The climate change legislation that the Senate is scheduled to begin debating in June would dramatically cut domestic greenhouse gas (GHG) emissions, but it could impact the economy and drive up the price of natural gas, according to an extensive review by the Energy Information Administration (EIA).

SB 2191, the Lieberman-Warner Climate Security Act of 2007, was introduced last year by Sens. Joseph Lieberman (I-CT) and John Warner (R-VA), and it cleared a Senate panel with few changes (see NGI, Dec. 10, 2007; Oct. 22, 2007). EIA Wednesday issued an energy market and economic impact report on the bill, responding to a request from the senators for an analysis (see NGI, March 24).

According to the federal analysis, the projected costs by 2030 from the bill per U.S. household would increase by around $76 a year to nearly 10 times that amount, $723/year. The amount of the cost increase would depend on how successful the United States is in replacing “significant” amounts of energy production from coal and oil to alternatives that include new nuclear and renewable facilities, as well as fossil fuel plants equipped with carbon capture and sequestration (CCS), EIA stated.

The enacted legislation also would lead to a rapid build-up in wind and solar energy capacity, which could provide a financial incentive for energy companies to deploy CCS technologies, EIA found.

However, if more alternative energy plants were not built, EIA warned that electricity generators likely would build more natural gas plants to offset reductions in coal-fired generation. More gas plants in turn likely would result “in markedly higher delivered prices of natural gas.”

The bill would raise electricity costs by 5-27% by 2020 and 11-64% by 2030, according to EIA’s analysis. Projected real U.S. gross domestic product (GDP) would be reduced as real economic output, purchasing power and aggregate demand for goods and services fell in response to the higher energy prices, EIA noted.
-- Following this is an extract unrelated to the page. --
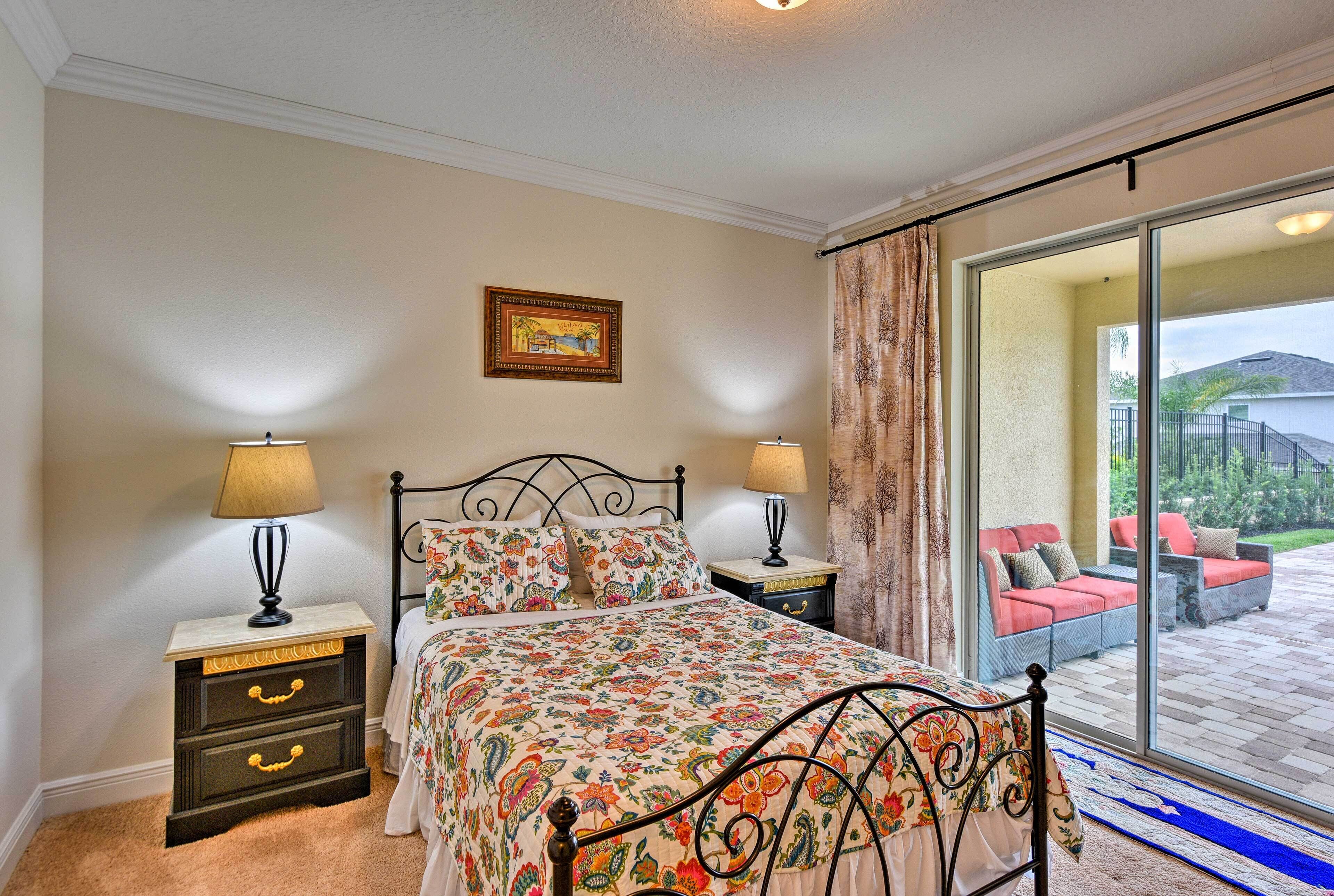 Une chambre à coucher comprenant un lit, deux tables de chevet avec des lampes, une commode avec des tiroirs, une grande fenêtre avec des rideaux et une vue sur un espace extérieur aménagé pour se détendre.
And total discounted GDP losses beginning in 2009 through 2030 would range from $444 billion to $1.308 trillion under the base case analysis.

In addition, manufacturing and other industrial activity could feel a bigger impact from the legislation than the general U.S. economy, EIA noted. Excluding service costs, industrial shipments by 2030 could fall as much as $233-589 billion if the bill is enacted, the analysis found.

However, EIA’s review found that without the legislation, the economic impact would be the same, said Lieberman and Warner in a joint statement. The cost to U.S. businesses of tradable allowances to emit GHG was below the amount projected in March by the U.S. Environmental Protection Agency, they said.

“Two separate government analyses have now come to the same conclusion,” said Lieberman. “Our bill curbs global warming without harming the U.S. economy.”

Warner added that the analysis was evidence that “Americans can make significant reductions in our greenhouse gas emissions in a manner that does not harm the economy.” The findings, he said, “will further crank up pressure on the Senate to approve the bill when it is debated in early June.”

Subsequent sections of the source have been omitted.